Bomb Kills 23 Near Iraq Mosque

Author: 
Reuters
Publication Date: 
Thu, 2005-11-03 03:00

KERBALA, 3 November 2005 — A car bomb outside a Shiite mosque in central Iraq killed at least 23 people and wounded 46 yesterday, in an apparent sectarian attack.

Earlier several roadside bombs and shootings killed at least a dozen people, mostly in Baghdad, and a US Marine helicopter came down in Ramadi, killing both crewmembers. US forces launched an airstrike near the crash site and a local doctor said there were dozens of casualties.

With six weeks to go before parliamentary elections that Washington hopes will set Iraq on the path to stability, the Iraqi government issued an appeal to former junior officers in Saddam Hussein’s military to return to the colors two years after they were fired by the US occupiers.

The car bomb in the mainly Shiite town of Musayyib, south of Baghdad, came as people were preparing for the three-day Eid holiday marking the end of Ramadan. Eid should start today or tomorrow.

The Interior Ministry said 23 people had been killed in the attack, which used a remotely detonated car bomb. Musayyib has been hit by several attacks, including one in July when a suicide bomber blew up a fuel truck, killing at least 98 people and wounding 75.

The town sits on a fault line between the Shiite and the Sunni communities in an area where Saddam resettled many of his supporters on rich farmland south of the capital.

US commanders have warned of a rise in bloodshed in the run-up to the Dec. 15 election. In a statement issued before the main annual Muslim holiday, Defense Minister Saadoun Dulaimi, one of the few Sunnis in the government, invited former officers with the ranks of major, captain and lieutenant to return to the army.

With the election looming, there may be a political as well as practical security motive behind the move. The loss of army pay has been a major source of discontent among Saddam’s fellow minority Sunni Arabs, who dominated the officer corps.

Senior officers, many of whom are regarded as having been too close to Saddam’s Baath party, were not invited back en masse, though some have returned to lead the new Iraqi military.

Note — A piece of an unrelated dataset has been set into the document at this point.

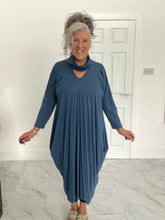 Load image into Gallery viewer, T- Shirt dress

Within weeks of Saddam’s fall in April 2003, US administrator Paul Bremer disbanded at a stroke Iraq’s 400,000-strong armed forces and security agencies. US officials said it simply formalized the fact that the army had evaporated in the aftermath of the war.

But the violence continued to claim lives yesterday: Two separate roadside bombs in Baghdad killed five Iraqi soldiers and five civilians; a policeman was shot elsewhere in Baghdad and another soldier killed by a bomb in Fallujah.

Two US Marines were killed when their Super Cobra helicopter crashed in the area of Ramadi west of Baghdad, the military said. The cause of the crash was under investigation but witnesses reported it had come under fire from the ground.

In pre-dawn airstrikes yesterday, the military said US-led coalition air forces had bombed three Al-Qaeda safe houses in the area of Qusayba, and at least six insurgents had been reported killed.